U.S. land managers on Friday rejected a plan that could have opened the way for housing and commercial expansion near the Grand Canyon’s celebrated South Rim, a surprise decision that was decried by developers but praised by environmental groups.
The plan submitted by the town of Tusayan, a community of about 600 residents on the outskirts of Arizona’s most famous national park, called for shops, restaurants, hotels and more than 2,000 homes on acreage near the South Rim.
But the development, which was to include 3 million square feet of commercial space, was contingent on the U.S. Forest Service agreeing to road upgrades and utility installations on national forest land adjoining the park.
In a letter delivered to Tusayan on Friday, Kaibab National Forest Supervisor Heather Provencio said the application for those improvements had failed to meet minimal requirements under the forest’s overall mandate to protect the adjacent national park and tribal lands.

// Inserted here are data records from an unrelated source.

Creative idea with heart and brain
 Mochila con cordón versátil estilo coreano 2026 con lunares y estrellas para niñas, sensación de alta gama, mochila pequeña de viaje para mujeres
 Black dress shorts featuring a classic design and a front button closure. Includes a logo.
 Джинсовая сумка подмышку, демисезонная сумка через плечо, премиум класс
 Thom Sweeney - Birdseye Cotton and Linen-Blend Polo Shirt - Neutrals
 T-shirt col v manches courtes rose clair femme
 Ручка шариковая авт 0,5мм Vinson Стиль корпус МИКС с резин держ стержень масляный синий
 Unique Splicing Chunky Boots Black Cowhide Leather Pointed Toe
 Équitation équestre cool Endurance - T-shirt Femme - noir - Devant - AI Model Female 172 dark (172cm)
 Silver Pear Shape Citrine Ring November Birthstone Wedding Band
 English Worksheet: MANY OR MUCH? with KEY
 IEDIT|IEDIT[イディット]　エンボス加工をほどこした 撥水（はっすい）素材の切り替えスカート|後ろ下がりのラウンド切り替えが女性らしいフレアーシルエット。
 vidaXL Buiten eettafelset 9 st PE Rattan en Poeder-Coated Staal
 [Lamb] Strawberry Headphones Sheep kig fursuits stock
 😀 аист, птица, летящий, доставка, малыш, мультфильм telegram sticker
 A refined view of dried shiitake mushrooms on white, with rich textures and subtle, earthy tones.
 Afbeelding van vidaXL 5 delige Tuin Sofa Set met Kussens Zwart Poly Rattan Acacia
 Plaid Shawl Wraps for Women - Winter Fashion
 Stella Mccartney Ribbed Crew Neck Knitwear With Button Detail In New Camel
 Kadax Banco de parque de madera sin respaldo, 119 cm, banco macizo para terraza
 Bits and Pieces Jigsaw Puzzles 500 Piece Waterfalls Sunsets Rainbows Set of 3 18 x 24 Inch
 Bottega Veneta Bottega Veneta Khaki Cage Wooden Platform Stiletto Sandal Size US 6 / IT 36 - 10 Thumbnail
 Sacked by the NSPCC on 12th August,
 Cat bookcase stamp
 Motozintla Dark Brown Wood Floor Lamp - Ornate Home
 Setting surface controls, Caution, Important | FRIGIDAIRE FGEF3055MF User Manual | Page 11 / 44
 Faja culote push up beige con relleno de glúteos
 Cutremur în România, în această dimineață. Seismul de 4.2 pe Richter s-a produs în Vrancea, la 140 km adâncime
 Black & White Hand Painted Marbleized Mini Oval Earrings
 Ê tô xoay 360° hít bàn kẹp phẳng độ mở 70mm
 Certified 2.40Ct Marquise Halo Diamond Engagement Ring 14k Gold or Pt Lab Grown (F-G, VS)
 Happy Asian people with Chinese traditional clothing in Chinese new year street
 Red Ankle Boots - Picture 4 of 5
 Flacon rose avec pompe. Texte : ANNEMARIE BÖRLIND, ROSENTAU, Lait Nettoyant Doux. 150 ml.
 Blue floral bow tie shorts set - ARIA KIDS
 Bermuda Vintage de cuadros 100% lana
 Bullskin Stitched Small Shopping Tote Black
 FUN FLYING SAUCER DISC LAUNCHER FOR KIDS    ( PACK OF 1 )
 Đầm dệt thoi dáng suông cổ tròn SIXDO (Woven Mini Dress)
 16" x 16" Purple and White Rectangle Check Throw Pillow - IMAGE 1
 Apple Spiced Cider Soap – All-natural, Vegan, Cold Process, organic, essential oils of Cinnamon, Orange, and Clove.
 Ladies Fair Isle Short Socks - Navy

Eric Duthie, town manager of Tusayan, said the decision took the community and its development partners by surprise and dealt a severe blow to attempts to provide much-needed additional housing.
"The Forest Service made the decision unilaterally. It’s quite shocking and it's just not fair," he said.
Environmental groups that had opposed the development hailed the decision for protecting natural and water resources.
“This is a great day for Grand Canyon National Park, and those who love its stunning vistas, abundant wildlife and rich cultural heritage,” said Ted Zukowski, attorney for Earthjustice, a non-profit environmental law group.
The development plan ignited heated debate when the town and its Italian partners in 2014 asked federal land managers for permission to construct paved roads and related infrastructure near a World Heritage Site valued for its famed multi-hued canyons sculpted over millions of years by water and wind erosion.
Provencio said in her letter that the proposed project had generated tens of thousands of public comments, mostly in opposition.
“I have determined that the Tusayan proposal is deeply controversial, is opposed by local and national communities, would stress local and park infrastructure, and have untold impacts to the surrounding tribal and national park lands,” she said.
Provencio added that the freshwater drinking system now serving the Grand Canyon was “marginally capable” of meeting current needs and would be unable to absorb additional ones tied to the development.